[Crawled caption data]
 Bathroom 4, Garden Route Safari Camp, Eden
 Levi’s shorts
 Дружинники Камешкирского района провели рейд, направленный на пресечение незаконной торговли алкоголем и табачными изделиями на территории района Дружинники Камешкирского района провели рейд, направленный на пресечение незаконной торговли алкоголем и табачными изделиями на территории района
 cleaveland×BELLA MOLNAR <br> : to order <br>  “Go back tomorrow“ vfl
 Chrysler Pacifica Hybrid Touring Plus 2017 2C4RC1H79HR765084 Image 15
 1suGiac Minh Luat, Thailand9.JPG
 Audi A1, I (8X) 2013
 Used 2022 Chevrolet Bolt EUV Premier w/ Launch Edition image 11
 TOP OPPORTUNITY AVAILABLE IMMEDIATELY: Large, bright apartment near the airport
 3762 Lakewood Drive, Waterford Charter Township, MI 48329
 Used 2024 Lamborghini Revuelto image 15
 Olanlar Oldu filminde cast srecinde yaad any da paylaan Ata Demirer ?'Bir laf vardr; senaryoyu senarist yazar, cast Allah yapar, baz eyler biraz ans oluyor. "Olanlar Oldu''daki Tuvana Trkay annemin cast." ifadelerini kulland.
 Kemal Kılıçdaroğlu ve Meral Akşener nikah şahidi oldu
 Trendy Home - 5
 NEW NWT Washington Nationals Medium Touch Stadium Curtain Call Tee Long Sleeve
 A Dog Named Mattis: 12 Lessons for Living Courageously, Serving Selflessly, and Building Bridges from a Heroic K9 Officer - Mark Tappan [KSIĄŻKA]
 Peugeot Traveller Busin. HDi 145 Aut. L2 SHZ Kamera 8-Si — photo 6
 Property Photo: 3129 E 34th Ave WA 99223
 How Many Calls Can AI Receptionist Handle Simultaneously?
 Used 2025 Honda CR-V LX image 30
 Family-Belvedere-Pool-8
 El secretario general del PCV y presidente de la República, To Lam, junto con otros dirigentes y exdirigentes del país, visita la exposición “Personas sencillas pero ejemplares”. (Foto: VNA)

### Exercise goal
Your answer must consist only of the lines from the one with "Trendy Home - 5" through the final line of the entries, each retyped exactly.

### Task solution
 Trendy Home - 5
 NEW NWT Washington Nationals Medium Touch Stadium Curtain Call Tee Long Sleeve
 A Dog Named Mattis: 12 Lessons for Living Courageously, Serving Selflessly, and Building Bridges from a Heroic K9 Officer - Mark Tappan [KSIĄŻKA]
 Peugeot Traveller Busin. HDi 145 Aut. L2 SHZ Kamera 8-Si — photo 6
 Property Photo: 3129 E 34th Ave WA 99223
 How Many Calls Can AI Receptionist Handle Simultaneously?
 Used 2025 Honda CR-V LX image 30
 Family-Belvedere-Pool-8
 El secretario general del PCV y presidente de la República, To Lam, junto con otros dirigentes y exdirigentes del país, visita la exposición “Personas sencillas pero ejemplares”. (Foto: VNA)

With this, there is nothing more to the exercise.